After the publication in 1976 of his work A Day in February in the magazine Novy Mir, Soviet editors refused to publish his works until 1988, when he was able to publish a collection of prose. His novel Lines of Fate, written between 1981 and 1985, brought him international recognition upon its publication in 1992. The novel was awarded the first Russian Booker Prize that year. In the novel, the narrator, a literary historian named Anton Lizavin, attempts to piece together the details of the life of a fictional Soviet writer and philosopher named Semyon Milasevich, whose works have been forgotten and neglected.
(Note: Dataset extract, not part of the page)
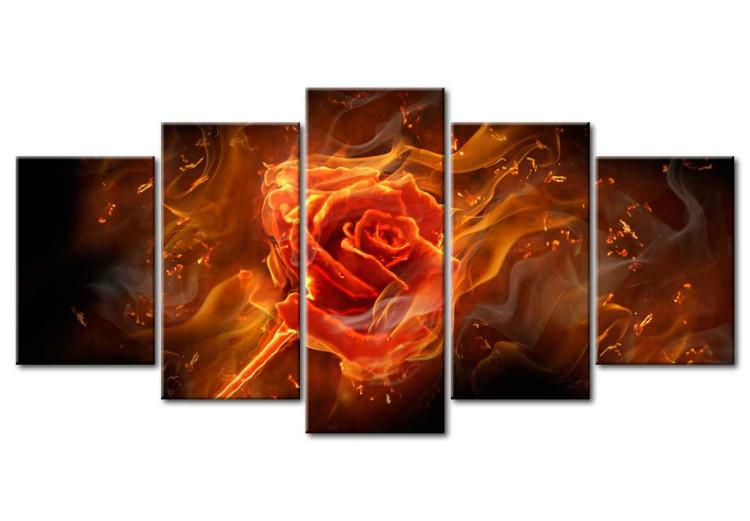Canvas Flaming Rose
He does this by examining Milasevich's writings, done on candy wrappers, the only paper available to him after the Russian Revolution of 1917, and through various archival research.

Kharitonov's works, like those of Vladimir Makanin, Viktor Pelevin and others, use a combination of realism and postmodernism. According to critic Neil Cornwell, Lines of Fate shows the influence of Thomas Mann and Hermann Hesse. Lines of Fate won the Russian Booker Prize by beating out the contributions of much better known authors like Vladimir Makanin and Lyudmila Petrushevskaya. His winning of the prize made him a recognized writer, making it easier to publish more of his works, including those he had written prior to Lines of Fate. He published a modernist novel Return from Nowhere in 1995.

Kharitonov was married to Galina Edelman with one son and two daughters. He died on 8 January 2024, at the age of 86.